4. Use Precaution in Central America
In Central America, the State Department urges Americans to reconsider traveling to Nicaragua, which has limited healthcare availability and arbitrary enforcement of laws that lead to more crime, while San Salvador has a higher level of violent crimes. Honduras has a heightened alert due to crime, but it isn’t widespread across the country and tourist-centric zones may be safer than off-the-grid travel.
If you do decide to visit these countries, stay aware of your surroundings, avoid walking and driving at night, keep expansive jewellery and signs of wealth hidden, and only use certified tourist authority companies and guides.
3. Use Precaution in Turkey and Lebanon
Lebanon’s coastal areas are safer than its borders.

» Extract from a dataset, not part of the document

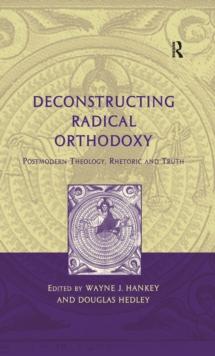 Deconstructing Radical Orthodoxy : Postmodern Theology, Rhetoric and Truth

An advisory remains not to visit the borders of Syria, due to terrorism, and Israel, due to armed conflict. Refugee settlements from Syria also carry heightened concerns for conflict.
Borders are an issue in Turkey, as well, where Syria and Iraq have been plotting terrorist attacks in highly populated areas such as shopping malls, hotels, restaurants, churches, sporting events, airports and more. The risk is so great, even cruise ships have alerted routes to skip the Turkish coastline and Istanbul.
2. Asia: Watch Out for North Korea
Spanning more than 57 million square miles in size, Asia offers endless travel possibilities. The only Asian country the U.S. wants you to steer clear of is North Korea.
The U.S. does not have any official diplomatic relations with the country to assist with emergencies, and U.S. passport holders are not allowed to travel to, in or through North Korea without special validation from the Department of State, and these special validations are limited.
1. North America: Watch Out for Mexico
Stories of travelers catching a taxi to be whisked off somewhere remote and left stranded after being robbed in Mexico circulate in the news, as do reports of bloody cartel wars. The dangers are real.
In fact, a U.S. Department of State “Do Not Travel” advisory is in effect for the Mexican states of Michoacán, Tamaulipas, Sinaloa and Guerrero due to widespread violent crimes that include homicide, kidnapping, carjacking and robbery.